The report and recommendations of the Joint Revaluation Study Commission of Princeton released on Monday contained a proposal for an unprecedented municipal public loan program that would allow qualifying homeowners to defer the burden of rising property taxes until a later date and give struggling residents more time to plan a way to repay their loans.
The report proposes that the Borough and Township jointly form a new, special-purpose entity that could issue public bonds to fund loans to low- and moderate-income homeowners to be used to pay their property taxes.
Public funds would either be distributed as direct loans or be used to purchase tax liens, forms of security interest akin to mortgages that would be used to secure the homeowners’ repayment obligations. The lending entity would offer either loans or tax liens to borrowers with no conventional financing in place and the use of borrowed funds would be restricted to the payment of property tax liabilities above a certain predetermined threshold.
The advantage of funding homeowners with municipally owned tax liens, the report states, is that “a municipality need not foreclose on tax liens that it owns, but can instead choose to hold them for up to 20 years.” In effect, a program of municipal tax liens would give Princeton homeowners who need loans to pay their property taxes an extra 20 years to repay the loan and an opportunity to avoid having their homes foreclosed.

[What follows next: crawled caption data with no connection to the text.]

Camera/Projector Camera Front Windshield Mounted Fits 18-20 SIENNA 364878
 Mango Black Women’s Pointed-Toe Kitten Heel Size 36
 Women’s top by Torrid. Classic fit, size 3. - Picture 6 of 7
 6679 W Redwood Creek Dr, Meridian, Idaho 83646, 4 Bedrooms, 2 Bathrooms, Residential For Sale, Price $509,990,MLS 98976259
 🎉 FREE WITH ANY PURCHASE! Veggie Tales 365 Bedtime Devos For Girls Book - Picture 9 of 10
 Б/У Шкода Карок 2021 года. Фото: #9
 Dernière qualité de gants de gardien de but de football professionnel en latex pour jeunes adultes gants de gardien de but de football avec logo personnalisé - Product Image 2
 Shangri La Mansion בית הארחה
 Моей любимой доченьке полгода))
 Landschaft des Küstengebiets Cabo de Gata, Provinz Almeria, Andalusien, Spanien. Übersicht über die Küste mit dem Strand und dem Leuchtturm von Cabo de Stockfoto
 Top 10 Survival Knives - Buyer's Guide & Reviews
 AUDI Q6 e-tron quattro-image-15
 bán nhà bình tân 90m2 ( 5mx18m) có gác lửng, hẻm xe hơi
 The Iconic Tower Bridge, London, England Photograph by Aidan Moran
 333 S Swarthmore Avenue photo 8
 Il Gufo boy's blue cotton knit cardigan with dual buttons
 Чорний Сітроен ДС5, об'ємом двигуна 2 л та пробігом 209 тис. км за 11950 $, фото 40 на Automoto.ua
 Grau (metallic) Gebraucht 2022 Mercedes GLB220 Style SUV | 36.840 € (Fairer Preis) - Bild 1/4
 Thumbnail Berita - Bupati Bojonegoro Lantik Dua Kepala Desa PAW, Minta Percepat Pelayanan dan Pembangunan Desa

“It would protect low- and moderate-income persons from having to move out of town immediately, and allow them to make the decision, if they were inclined, to use the equity in their house to stay here for a number of years,” said Roger Martindell, one of the Borough Council’s liaisons to the commission.
The report emphasizes that “participating homeowners would continue to be responsible for paying 100 percent of the property taxes due on the full assessed values of their homes — but those payment obligations would be spread over time.”
The program is intended to help homeowners “avoid the need to choose between moving from the community that is their home or foregoing the appreciation that represents their only real hope of meaningful savings.”
Martindell said the public financing program was not modeled on an earlier program in any other community. “I think this is a fairly creative approach, and I don’t know any precedent for it,” he said.
Borough Councilmember Barbara Trelstad expressed support for such a program at Sunday’s endorsement meeting of the Princeton Community Democratic Organization.
“There must be a plan put in place that will allow longtime residents to be able to stay in their homes for as long as they would like, and I will support recommendations that do that,” Trelstad said in her official candidate statement before a vote that nominated her to serve another term on the Council.
Trelstad confirmed her support for the program recommended in the commission’s report in an email on Monday.
A program offering publicly financed loans to all residents regardless of income status was considered but would not be legally authorized unless it was open only to low-income candidates. The report states that the Fair Housing Act grants the municipality the authority to issue public bonds to assist low- and moderate-income homeowners.
The commission, made up of representatives from the Borough, the Township and liaisons to both governing bodies, began meeting in January to evaluate the process of the property tax revaluation conducted last year and to make recommendations for how the community can respond to the effects of revaluation now and in future years.